To prove: ABCD is a rectangle.

Proof: In \(\triangle{ABC}\) and \(\triangle{DCB}\), we have,

AC = BD ...(Given)

AB = CD ...(Opposite sides of parallelogram)

BC = CB ...(Common sides)

Therefore, \(\triangle{ABC}\)\(\displaystyle \cong \)\(\triangle{DCB}\) ...(By SSS rule)

Thus, \(\angle{ABC}\) = \(\angle{DCB}\) ...(i)(By CPCT)

But from figure, DC || AB and transversal CB intersects them

\(\angle{ABC}\) + \(\angle{DCB}\) = \(180^\circ\) ...(interior angles on same side of transversal)

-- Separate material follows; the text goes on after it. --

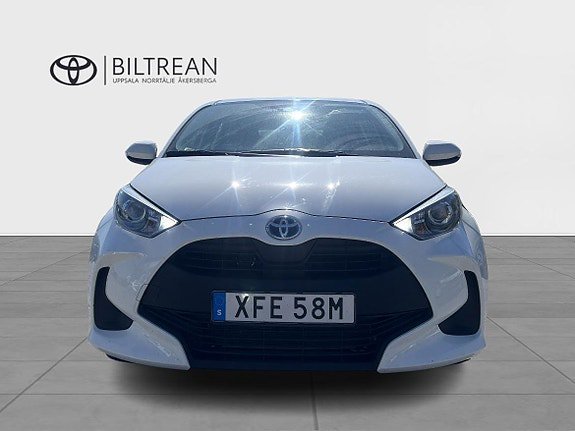 Vehicle Image 6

\(\angle{ABC}\) + \(\angle{ABC}\) = \(180^\circ\) ...(from(i))

i.e., 2 \(\angle{ABC}\) = \(180^\circ\)

i.e., \(\angle{ABC}\) = \(90^\circ\)

Also, \(\angle{DCB}\) = \(90^\circ\)

Thus, we can say that, ABCD is a parallelogram and some angles are \(90^\circ\).

Hence it is proved that, ABCD is a rectangle.

3. Show that if the diagonals of a quadrilateral bisect each other at right angles, then it
is a rhombus.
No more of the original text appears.